The application features a modular architecture that pipelines the same RT-DETR detector used by the 2D single-camera profile with Multi-View 3D Tracking (MV3DT), a distributed real-time multi-view multi-target 3D tracking framework introduced in DeepStream 8.0.

RT-DETR generates 2D bounding boxes for warehouse-relevant classes such as people, humanoid robots, autonomous mobile robots, and warehouse equipment. Refer to the TAO RT-DETR Finetuning page for more details on the model architecture and training process.

MV3DT is implemented as an additional module in the NvMultiObjectTracker low-level tracker library. Each camera performs object detection and Single-View 3D Tracking (SV3DT) with an optional pose estimation model, producing global 3D measurements from 2D image coordinates using its camera projection matrix and 3D object models.
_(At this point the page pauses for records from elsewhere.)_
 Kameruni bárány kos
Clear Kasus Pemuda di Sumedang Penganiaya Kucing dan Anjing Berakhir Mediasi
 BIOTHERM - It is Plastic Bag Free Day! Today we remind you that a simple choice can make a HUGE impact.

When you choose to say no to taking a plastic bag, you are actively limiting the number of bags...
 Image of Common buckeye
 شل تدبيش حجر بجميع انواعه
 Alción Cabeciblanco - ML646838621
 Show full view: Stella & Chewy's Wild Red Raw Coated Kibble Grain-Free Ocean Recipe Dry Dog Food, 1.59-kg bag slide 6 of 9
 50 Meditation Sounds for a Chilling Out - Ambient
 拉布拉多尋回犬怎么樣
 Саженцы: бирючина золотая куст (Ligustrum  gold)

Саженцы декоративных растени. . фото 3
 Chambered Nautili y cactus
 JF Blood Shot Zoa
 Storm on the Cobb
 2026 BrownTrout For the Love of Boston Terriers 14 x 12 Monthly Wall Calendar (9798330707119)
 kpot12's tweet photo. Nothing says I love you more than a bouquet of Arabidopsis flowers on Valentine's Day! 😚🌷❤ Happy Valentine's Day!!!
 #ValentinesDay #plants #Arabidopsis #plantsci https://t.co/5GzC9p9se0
Cameras with overlapping fields of view (FOVs) collaborate over an MQTT message broker to:

  • Negotiate decentralized, globally unique IDs when targets first appear in the camera network.

  • Propagate IDs across overlapping camera handovers and through occlusions.

  • Fuse 3D measurements from peer cameras with the local Kalman filter for robust state estimates.

Tracking outputs include 3D foot location, visibility, velocity, class labels, and globally consistent instance IDs, enabling sophisticated multi-camera fusion and analytics capabilities.

For detailed information on all components, APIs, and customization options, refer to the Object Detection and Tracking.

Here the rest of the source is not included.